Ein Fall aus Wetzlar aus dem vergangenen Jahr zieht jedoch jedem, dem der Rechtsstaat etwas wert ist, die Schuhe aus. Trotz eines letztinstanzlichen Beschlusses des Bundesverfassungsgerichtes überließ die Stadt Wetzlar der NPD die dortige Stadthalle nicht. Man muss die NPD nicht mögen – dankenswerterweise tun dies die allermeisten Menschen auch nicht –, trotzdem ist das kein Grund, die Gewaltenteilung zu ignorieren. Wenn sich Behörden nur noch an Recht und Gesetz halten, wenn es ihnen selbst als richtig erscheint, können wir uns unsere Rechtsordnung und unsere Gerichte sparen. Dann entscheidet die angebliche Moral und am Ende auch die Willkür. Was das dann im Übrigen für Minderheitenrechte im Allgemeinen bedeuten könnte, kann man sich ausmalen.
Das sind eben Beispiele in denen es den Verfassungsorganen an rechtsstaatlichem Verhalten mangelt.
Ja, sie existieren - Legislative, Exekutive, Judikative, alle Gesetze dazu usw. . Aber ein Rechtsstaat lebt eben davon, dass diese Organe auch ihrer angedachten Funktion entsprechend handeln. Das mit "Rechtsstaat am Ergebnis messen" zu verwechseln, zeigt eine urdeutsche Krankheit.

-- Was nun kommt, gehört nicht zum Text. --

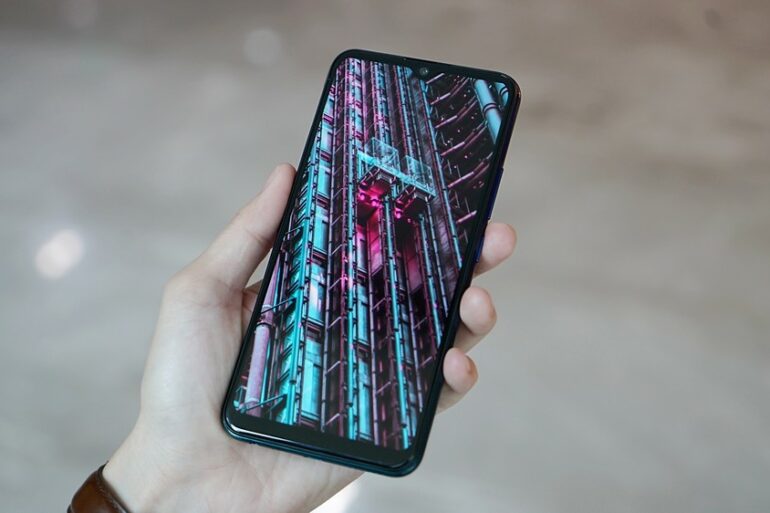 Vivo Y15 2 Vivo Y15 2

In Deutschland glauben sehr viele Menschen, dass das was in Gesetzbuch steht, dadurch dass es da steht auch gelebt wird. Der Glaube daran erscheint mir in Deutschland sehr viel ausgeprägter zu sein als im Ausland. Dabei sind auch Gesetze nur beschriebenes Papier und Polizisten und Richter nur verkleidete Menschen, wenn nicht die Gepflogenheiten in der Gesellschaft die Menschen dazu bringen nach den Buchstaben UND der Philosophie dieser Gesetze zu handeln. Genau darin sehe ich erhebliche Defizite, die Kubicki hier an Beispielen benennt.
Abschließend ein wichtiger Absatz:
Ein Demokrat achtet die demokratischen Regeln und Institutionen und verteidigt sie gegen jedermann – die Meinungsfreiheit zum Beispiel auch und gerade dann, wenn die Meinung abstoßend, widerlich oder eklig ist, sich dabei aber im Rahmen der Gesetze bewegt. Er sieht im Gegenüber zuerst einen Menschen, der nach Artikel 1 unserer Verfassung eine achtens- und schützenswerte Würde hat.
Das sehe ich im aktuellen gesellschaftlichen Klima kaum gegeben. Man muss nur aufmerksam durch das Forum streifen um festzustellen wie personengebunden die Debatten sind. Es zählt zuallererst zu welchem Lager man gehört. Wer versucht sachlich zu diskutieren ist sehr sehr schnell davon eingefangen - es ist vielfach kaum möglich.
Meine Hochachtung an Kubicki. Das ist wahrer demokratischer Geist. Davon können sich so manche "bedingungslose Kämpfer für die gute Sache" was abschauen.